**PROMPT**:
Starting with the line that has "Jean Paul Gaultier" in the records below and ending with the line that has "Bear Cub With", output those lines exactly and nothing more; omit the pictures.

--- DATA Enclosed Below ---

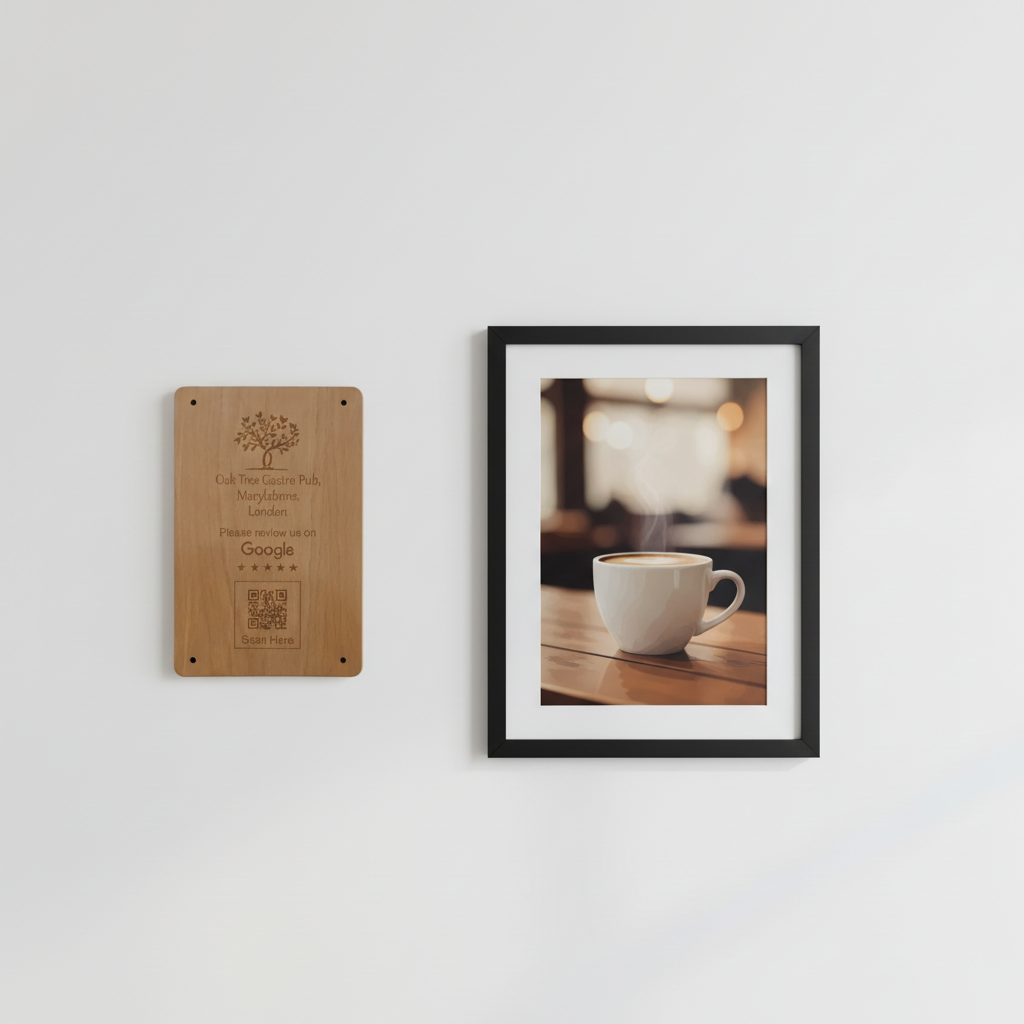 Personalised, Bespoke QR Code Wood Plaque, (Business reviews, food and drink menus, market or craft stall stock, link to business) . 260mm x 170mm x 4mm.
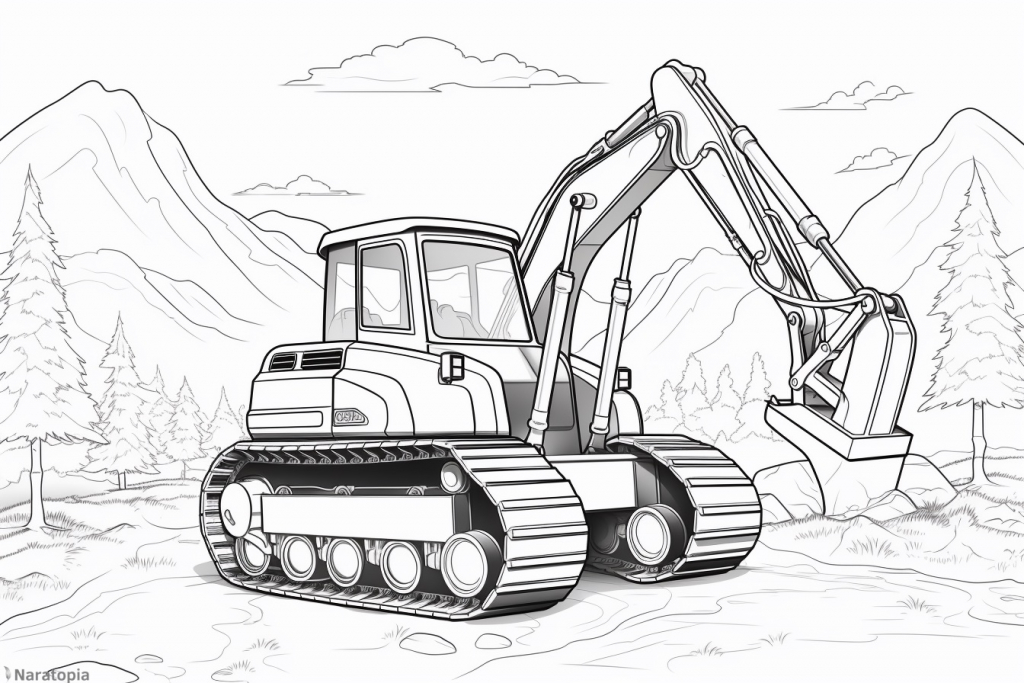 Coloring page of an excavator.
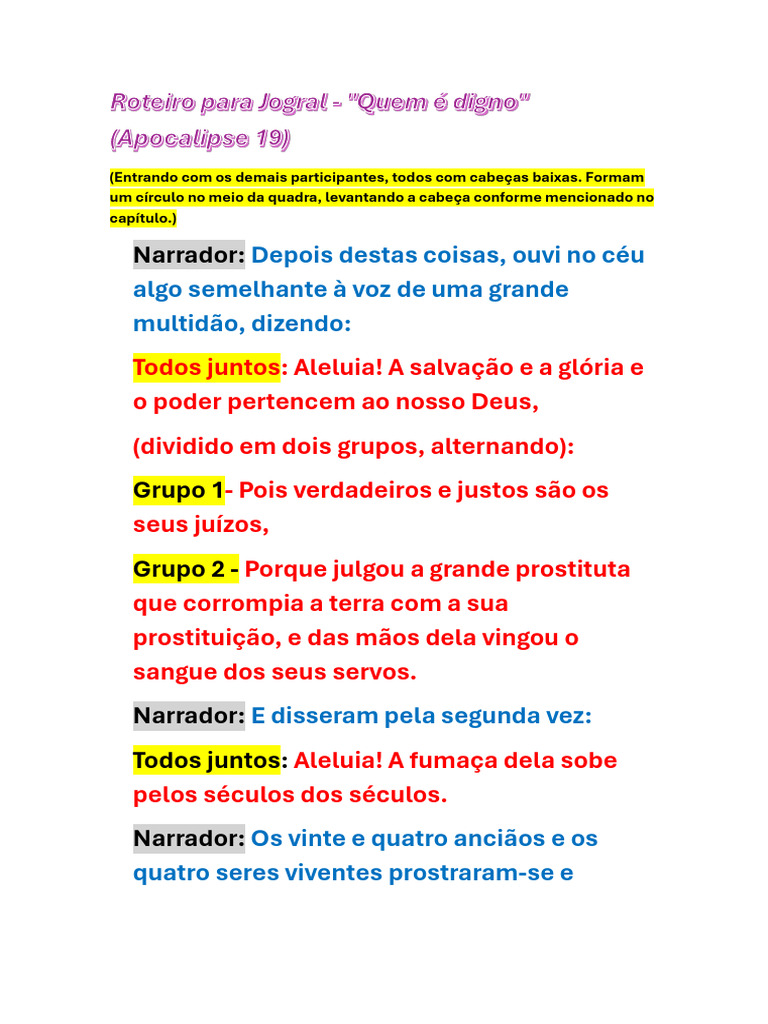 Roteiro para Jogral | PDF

--- End of Enclosed DATA ---
--- DATA Enclosed Below ---

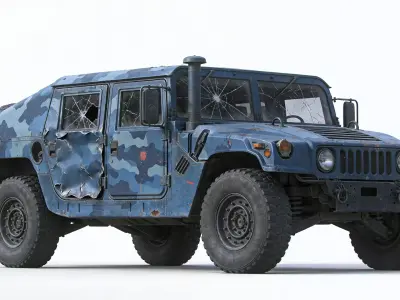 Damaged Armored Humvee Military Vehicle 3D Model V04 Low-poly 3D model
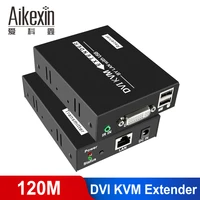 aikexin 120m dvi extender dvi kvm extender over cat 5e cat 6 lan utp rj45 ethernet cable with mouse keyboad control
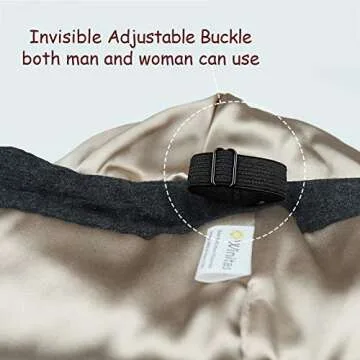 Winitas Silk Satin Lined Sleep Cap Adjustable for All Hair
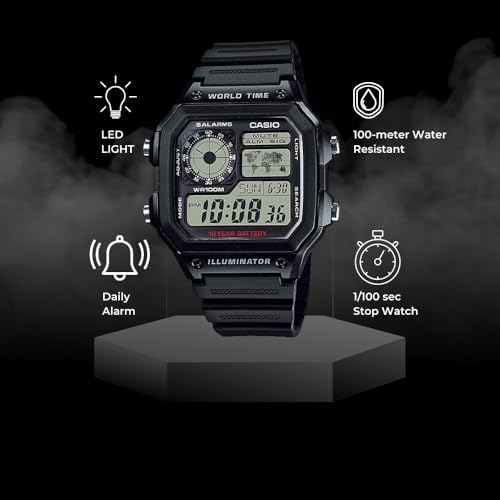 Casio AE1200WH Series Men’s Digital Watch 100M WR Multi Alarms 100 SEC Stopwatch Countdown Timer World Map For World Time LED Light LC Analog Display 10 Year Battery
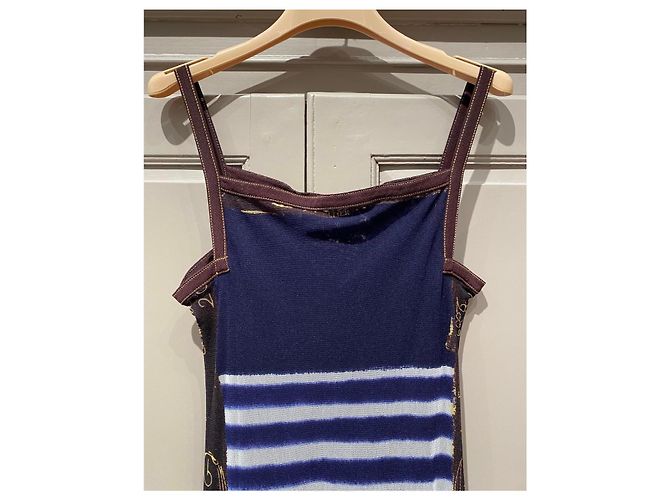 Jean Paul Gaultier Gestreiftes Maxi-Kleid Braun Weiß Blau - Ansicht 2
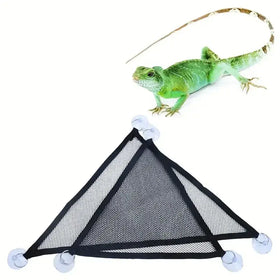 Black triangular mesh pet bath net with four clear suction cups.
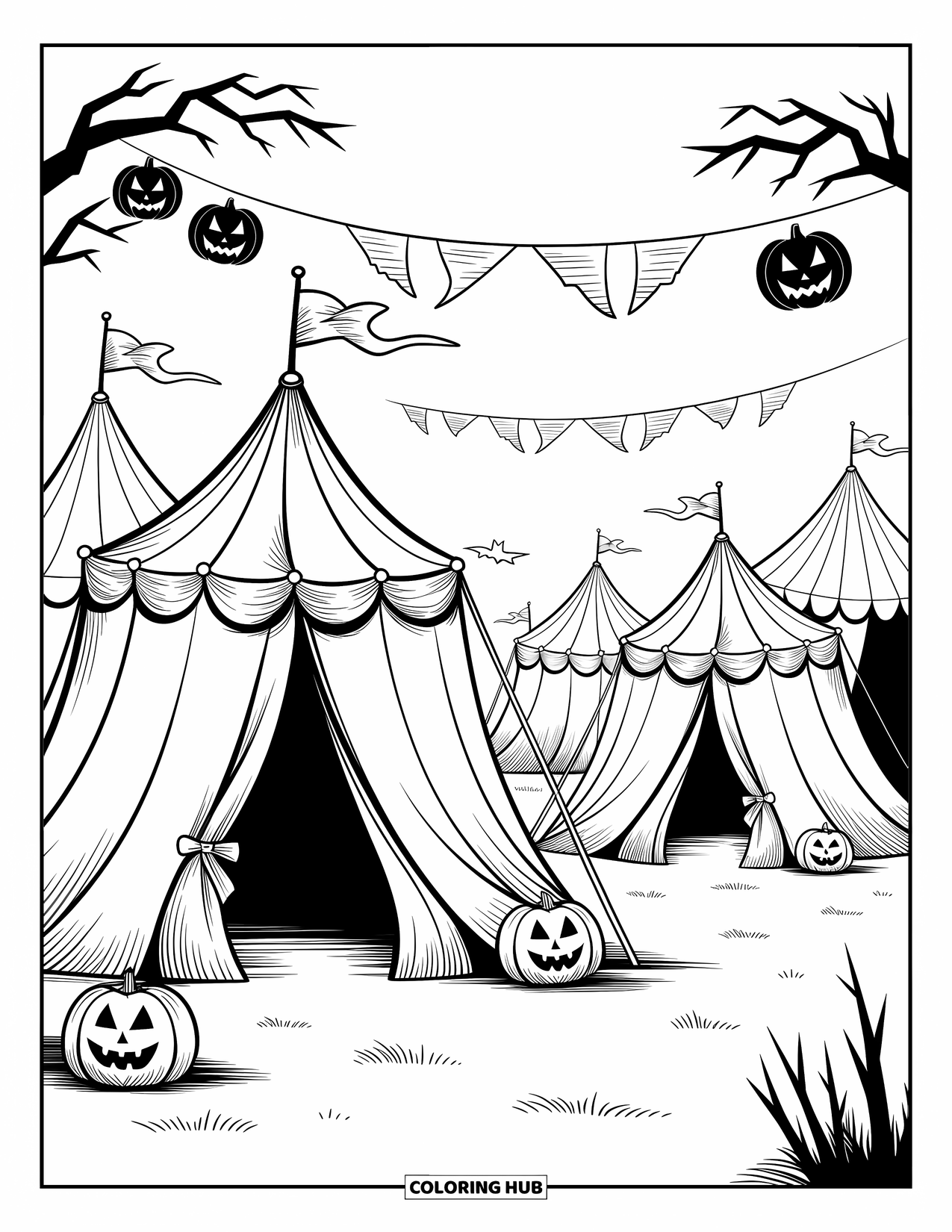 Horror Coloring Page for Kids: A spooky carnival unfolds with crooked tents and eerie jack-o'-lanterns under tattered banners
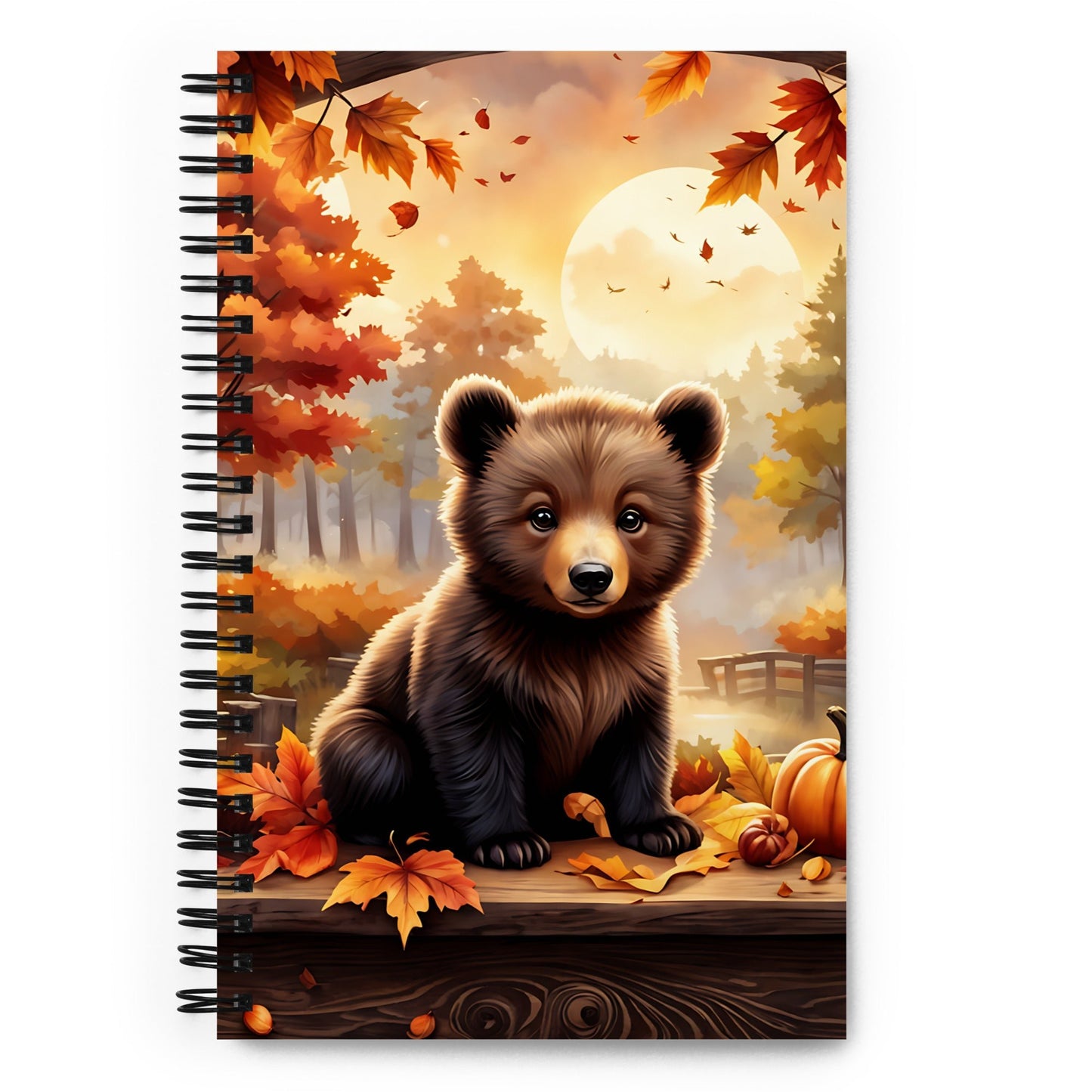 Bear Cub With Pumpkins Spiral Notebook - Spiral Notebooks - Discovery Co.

--- End of Enclosed DATA ---

**WRITTEN SOLUTION**:
 Jean Paul Gaultier Gestreiftes Maxi-Kleid Braun Weiß Blau - Ansicht 2
 Black triangular mesh pet bath net with four clear suction cups.
 Horror Coloring Page for Kids: A spooky carnival unfolds with crooked tents and eerie jack-o'-lanterns under tattered banners
 Bear Cub With Pumpkins Spiral Notebook - Spiral Notebooks - Discovery Co.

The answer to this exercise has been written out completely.